(Image-text web data)
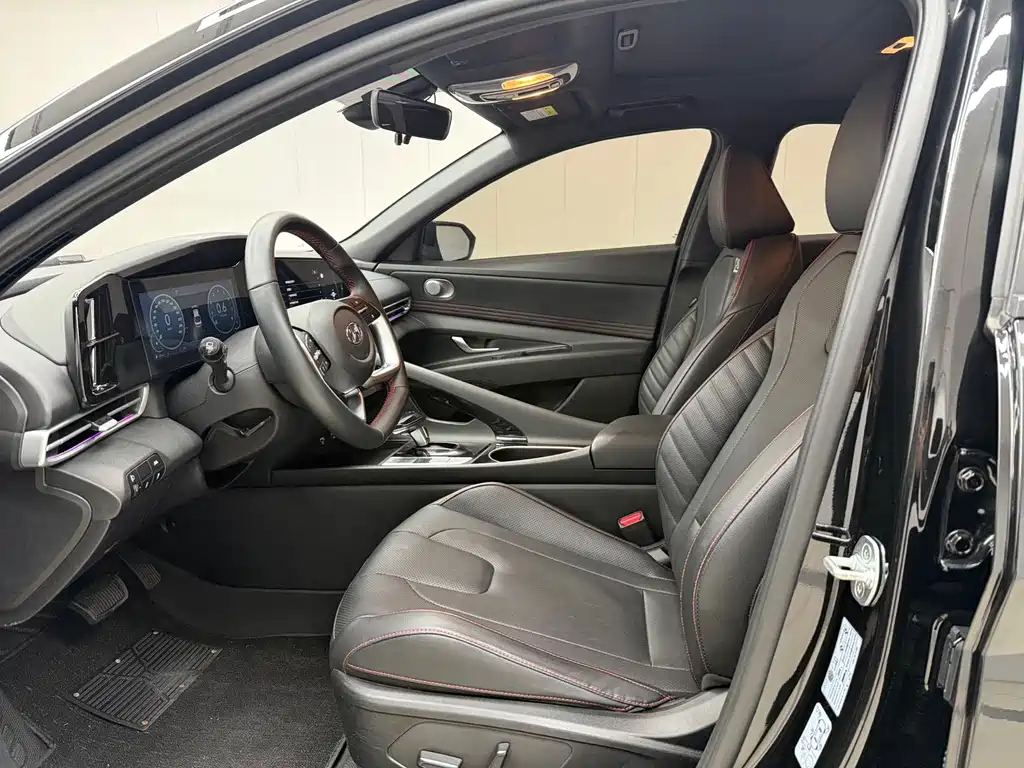 Hyundai Elantra — миниатюра 7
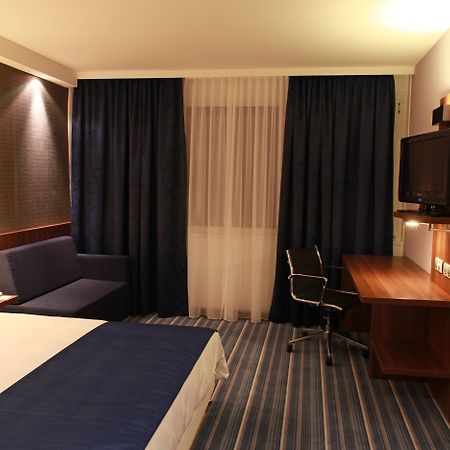 Holiday Inn Express Strasbourg - Sud By Ihg Geispolsheim Camera foto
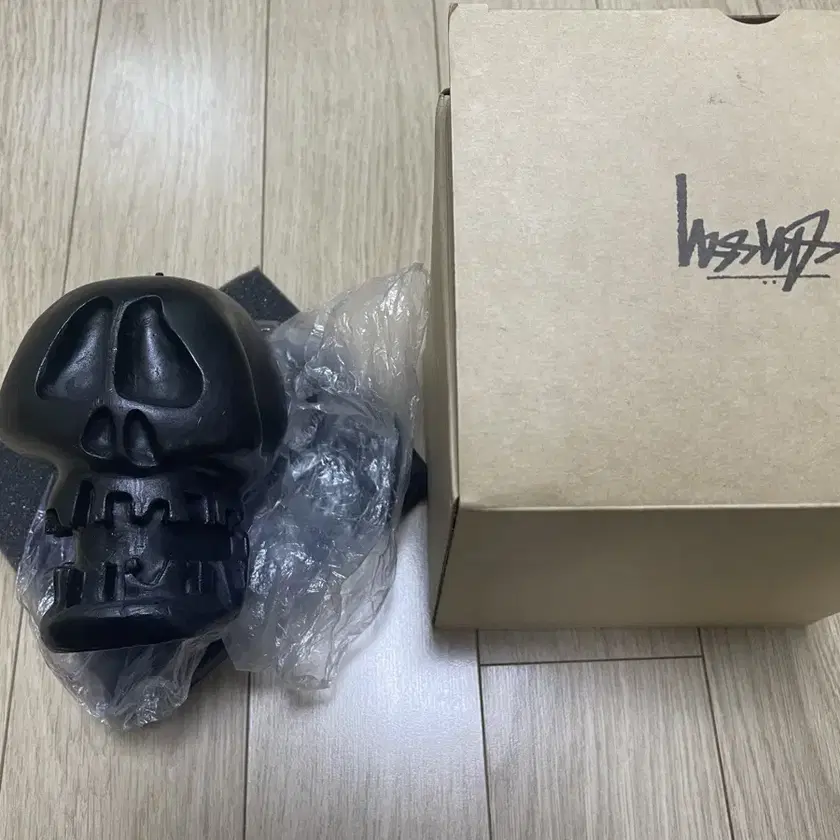 STUSSY | 스투시 Stussy Skull Candle #스투시 on Bunjang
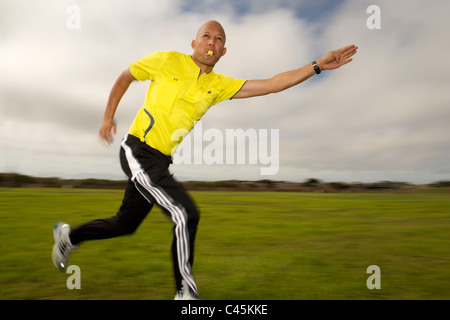 Jerome Damon, arbitre FIFA 2010, Le Cap, avril 2010. Banque D'Images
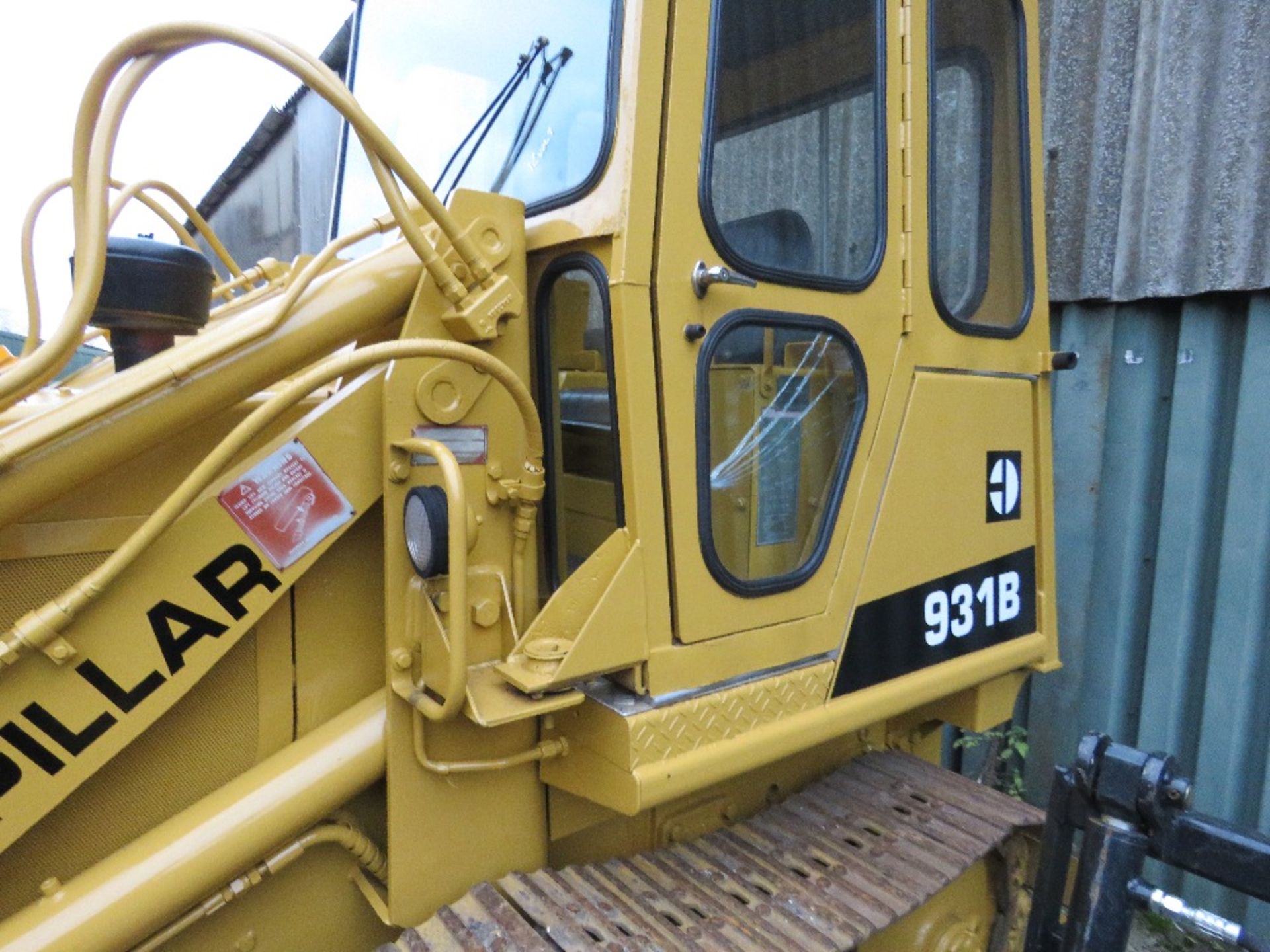 CATERPILLAR / CAT 931B TRACKED LOADING SHOVEL WITH 4 IN 1 BUCKET. SHOWING 3361 HOURS ON THE CLOCK. S - Image 4 of 8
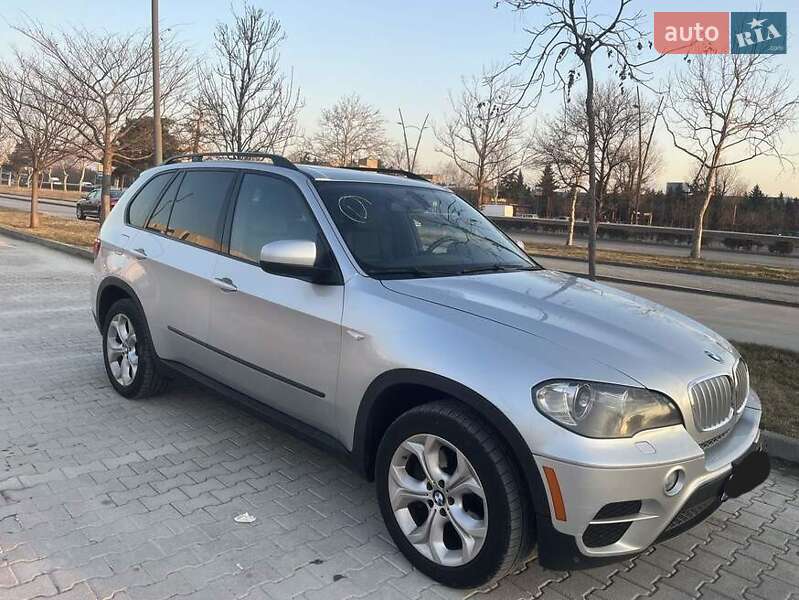Внедорожник / Кроссовер BMW X5 2011 в Львове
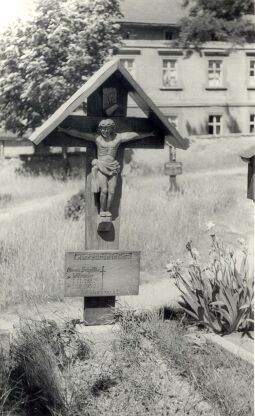 Bild: Grabkreuz in Crostwitz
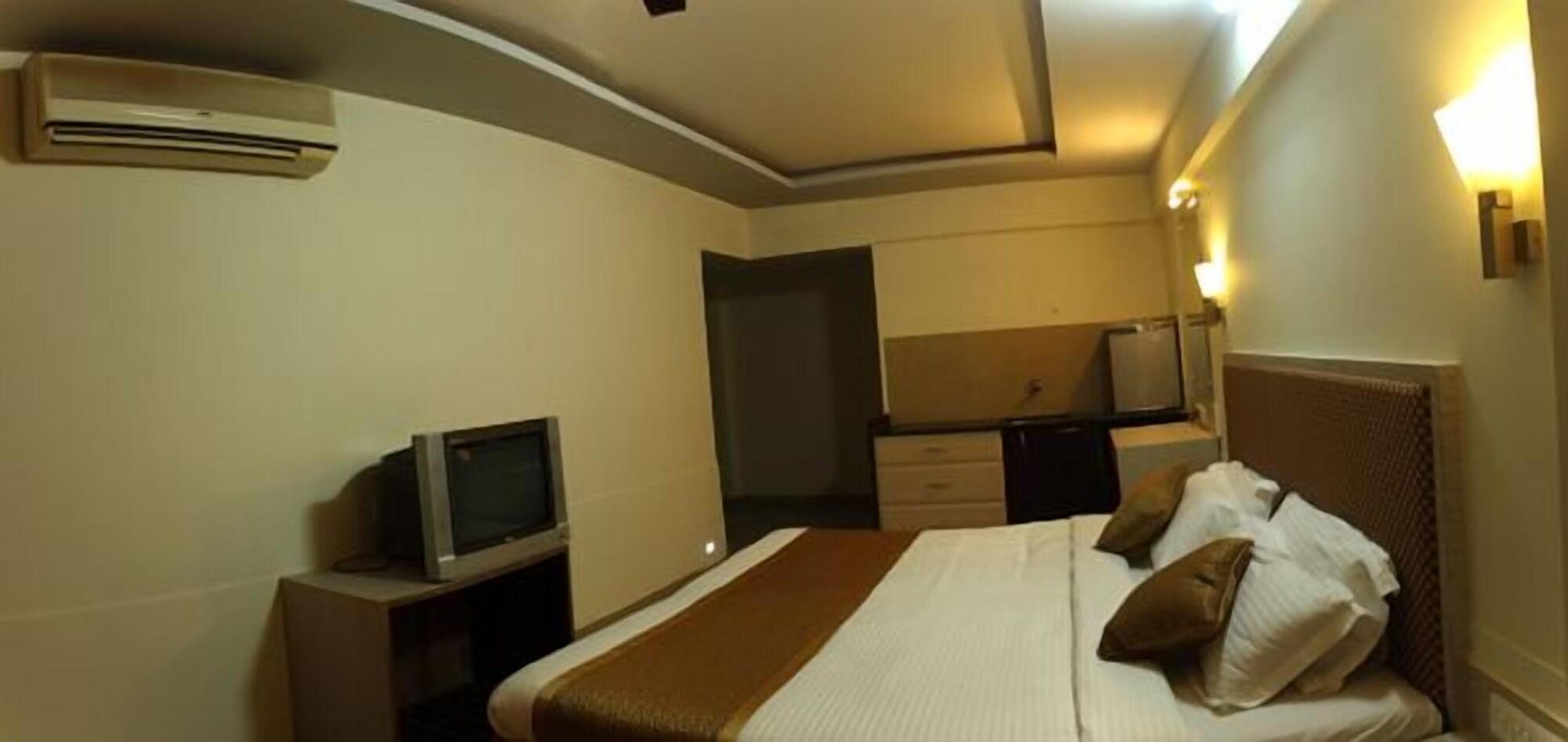 Hotel Ace Residency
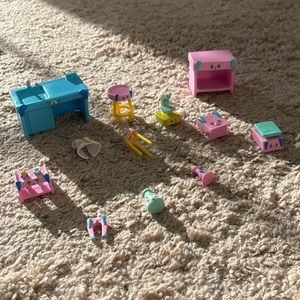 Shopkins Happy Places Bright Bunny Science Lab welcome pack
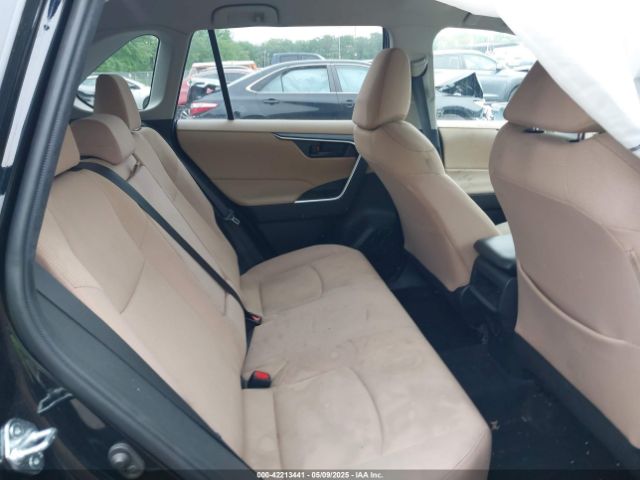 JTMF1RFV6KD016360 Toyota RAV4 LE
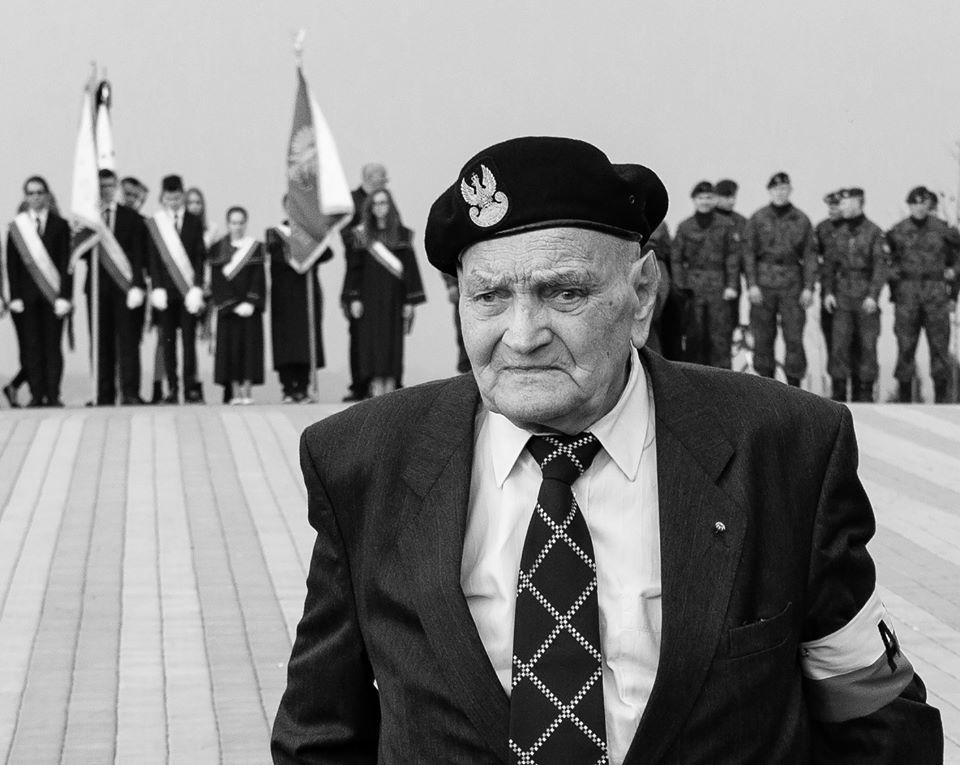 Nie żyje Kazimierz Rzucidło, były więzień obozu w Pustkowie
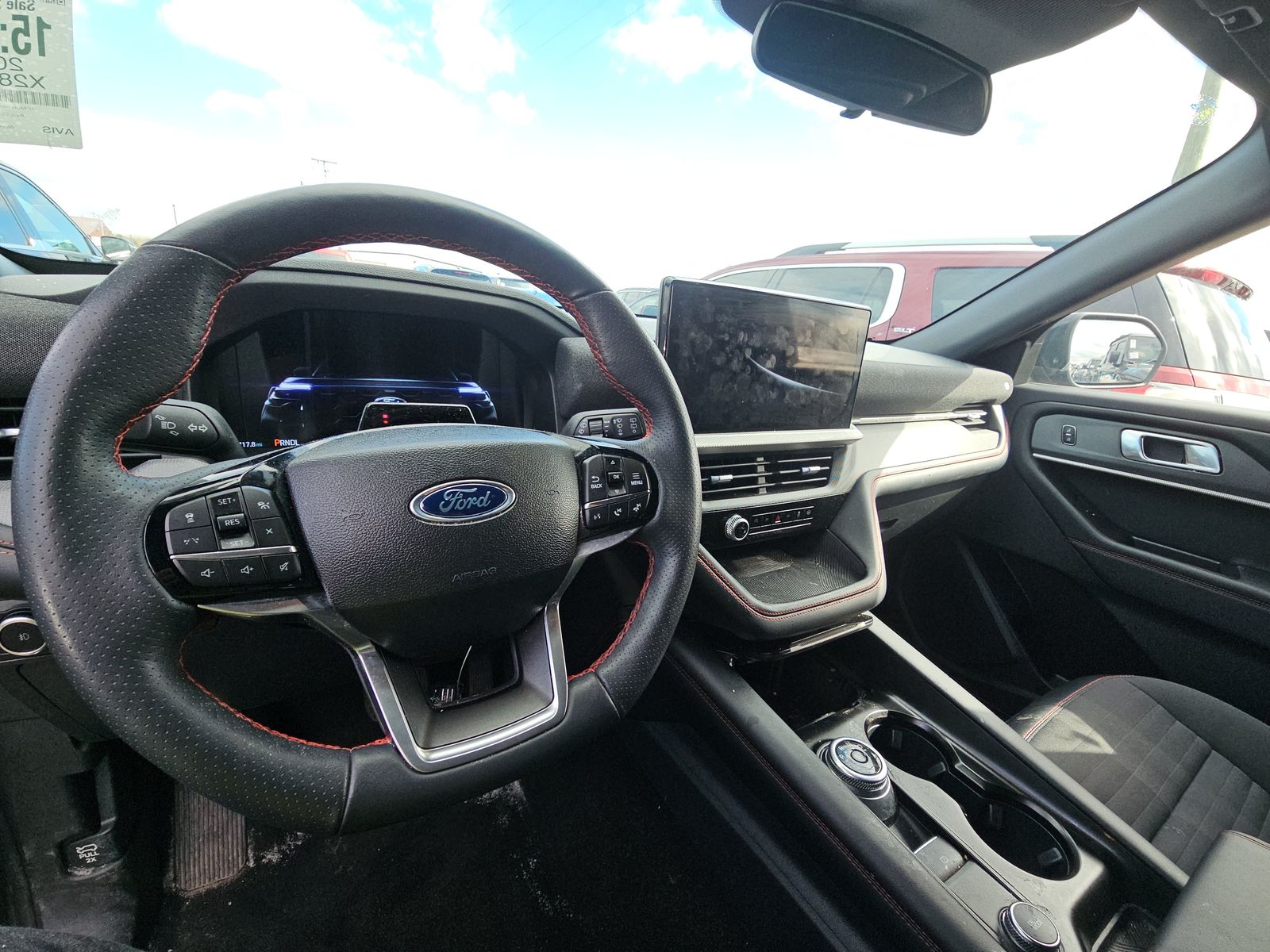 2025 Ford Explorer ST-Line AWD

### Exercise goal
Copy exactly the lines that run from the line containing "Внедорожник / Кроссовер BMW X5 2011 в Львове" to the end of the data above, keeping both end lines and leaving out all pictures.

### Answer space
Внедорожник / Кроссовер BMW X5 2011 в Львове
 Bild: Grabkreuz in Crostwitz
 Hotel Ace Residency
 Shopkins Happy Places Bright Bunny Science Lab welcome pack
 JTMF1RFV6KD016360 Toyota RAV4 LE
 Nie żyje Kazimierz Rzucidło, były więzień obozu w Pustkowie
 2025 Ford Explorer ST-Line AWD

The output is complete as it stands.